Project Euler Bonus Problem

18i

Let $R(p)$ be the remainder when the product $\prod_{x=0}^{p-1}(x^3-3x+4)$ is divided by $p$. For example, $R(11)=0$ and $R(29)=13$.

Find the sum of $R(p)$ over all primes $p$ between $1,000,000,000$ and $1,100,000,000$.

Deriving an efficient way to compute $R(p)$

Ok so we need to compute the value of

R(p) = \left[ \prod_{k=0}^{p-1} (k^3 - 3k + 4) \right] \pmod{p}

for many values of large $p$. That's a lot of terms in each product so we'll need to simplify $R(p)$ to something much easier to compute.

Since $k^3 - 3k + 4$ is a cubic polynomial it has three roots and we can write it as $(k - \alpha_1) (k - \alpha_2) (k - \alpha_3)$. Then

\begin{align} R(p) &= \left[ \prod_{k=0}^{p-1} (k - \alpha_1) (k - \alpha_2) (k - \alpha_3) \right] \pmod{p} \\ &= \left[ \prod_{k=0}^{p-1} (k - \alpha_1) \right] \left[ \prod_{k=0}^{p-1} (k - \alpha_2) \right] \left[ \prod_{k=0}^{p-1} (k - \alpha_3) \right] \pmod{p} \end{align}

Now it's useful that $p$ is prime because we are working in $\mathbb{F}_p$, the finite field with $p$ elements which is equivalent to the integers modulo $p$ with modular addition and multiplication. We have a field (rather than just a ring) because $p$ being prime guarantees every non-zero element has a multiplicative inverse. This gives us a nice algebraic structure where polynomials behave predictably: a degree-$n$ polynomial has at most $n$ roots.

By Fermat's Little Theorem we know that $k^p \equiv k \pmod{p}$, which means every element of $\mathbb{F}_p$ is a root of $x^p - x$. Since $x^p - x$ has degree $p$ and can have at most $p$ roots, these must be all the roots, giving us the factorization

x^p - x = \prod_{k=0}^{p-1} (x - k)

Substituting $x = \alpha_i$ into this factorization gives $\alpha_i^p - \alpha_i = \prod_{k=0}^{p-1} (\alpha_i - k)$, which lets us rewrite the three product terms in $R(p)$ as

\prod_{k=0}^{p-1} (k - \alpha_i) = (-1)^p \prod_{k=0}^{p-1} (\alpha_i - k) = -(\alpha_i^p - \alpha_i)

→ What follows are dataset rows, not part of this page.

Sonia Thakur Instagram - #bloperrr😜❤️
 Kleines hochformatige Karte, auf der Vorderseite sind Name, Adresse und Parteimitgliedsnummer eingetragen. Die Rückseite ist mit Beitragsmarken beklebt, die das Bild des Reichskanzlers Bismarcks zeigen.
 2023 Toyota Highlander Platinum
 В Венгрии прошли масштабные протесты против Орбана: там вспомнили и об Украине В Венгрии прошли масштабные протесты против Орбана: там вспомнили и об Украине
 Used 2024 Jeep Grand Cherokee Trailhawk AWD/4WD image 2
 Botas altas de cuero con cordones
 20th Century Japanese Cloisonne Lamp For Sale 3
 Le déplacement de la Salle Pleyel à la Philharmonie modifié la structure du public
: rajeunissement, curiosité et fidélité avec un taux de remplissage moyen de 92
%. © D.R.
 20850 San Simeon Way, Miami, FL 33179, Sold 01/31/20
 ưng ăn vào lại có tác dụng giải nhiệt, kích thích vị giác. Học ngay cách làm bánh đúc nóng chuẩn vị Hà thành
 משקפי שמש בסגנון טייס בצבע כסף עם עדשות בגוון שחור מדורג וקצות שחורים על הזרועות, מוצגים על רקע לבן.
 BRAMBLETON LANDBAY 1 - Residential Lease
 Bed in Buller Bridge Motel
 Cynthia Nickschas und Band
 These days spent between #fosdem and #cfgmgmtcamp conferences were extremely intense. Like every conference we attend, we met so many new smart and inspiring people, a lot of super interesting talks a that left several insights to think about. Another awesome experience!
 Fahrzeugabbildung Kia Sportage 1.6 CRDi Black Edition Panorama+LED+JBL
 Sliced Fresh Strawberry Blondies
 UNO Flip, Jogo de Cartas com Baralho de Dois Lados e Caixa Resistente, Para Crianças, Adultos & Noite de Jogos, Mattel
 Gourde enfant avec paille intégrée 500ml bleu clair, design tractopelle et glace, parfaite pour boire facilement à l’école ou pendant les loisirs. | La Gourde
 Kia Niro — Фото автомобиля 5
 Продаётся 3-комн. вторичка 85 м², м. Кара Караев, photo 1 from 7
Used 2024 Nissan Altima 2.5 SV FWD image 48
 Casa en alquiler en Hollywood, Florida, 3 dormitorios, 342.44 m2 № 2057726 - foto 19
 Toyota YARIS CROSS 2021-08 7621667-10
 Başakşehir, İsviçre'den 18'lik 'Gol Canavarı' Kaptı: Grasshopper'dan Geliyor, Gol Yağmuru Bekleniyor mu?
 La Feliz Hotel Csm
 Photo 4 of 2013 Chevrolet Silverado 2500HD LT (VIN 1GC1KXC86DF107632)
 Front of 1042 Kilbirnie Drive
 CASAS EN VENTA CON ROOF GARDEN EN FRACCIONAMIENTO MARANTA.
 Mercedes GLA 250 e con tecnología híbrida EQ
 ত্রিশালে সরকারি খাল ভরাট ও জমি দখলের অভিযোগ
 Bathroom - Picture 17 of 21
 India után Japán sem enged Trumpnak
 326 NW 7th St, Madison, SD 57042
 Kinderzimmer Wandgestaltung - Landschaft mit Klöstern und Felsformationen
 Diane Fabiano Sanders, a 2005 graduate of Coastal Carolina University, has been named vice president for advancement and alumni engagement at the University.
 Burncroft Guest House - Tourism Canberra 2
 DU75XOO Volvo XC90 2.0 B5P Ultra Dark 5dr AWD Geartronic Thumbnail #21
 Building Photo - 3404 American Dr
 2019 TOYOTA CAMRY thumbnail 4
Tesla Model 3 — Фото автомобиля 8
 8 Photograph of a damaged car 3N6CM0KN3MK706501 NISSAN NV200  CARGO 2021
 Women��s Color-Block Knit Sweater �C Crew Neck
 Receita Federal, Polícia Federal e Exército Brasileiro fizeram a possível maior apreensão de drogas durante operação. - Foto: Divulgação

where $(-1)^p = -1$ since $p$ is an odd prime. And so

\begin{align} R(p) &= \left[ -(\alpha_1^p - \alpha_1) \right] \left[ -(\alpha_2^p - \alpha_2) \right] \left[ -(\alpha_3^p - \alpha_3) \right] \pmod{p} \\ &= -(\alpha_1^p - \alpha_1)(\alpha_2^p - \alpha_2)(\alpha_3^p - \alpha_3) \pmod{p} \end{align}

So this is a much easier way to compute $R(p)$ but we don't know $\alpha_i$ and they're not even going to be integers or in $\mathbb{F}_p$.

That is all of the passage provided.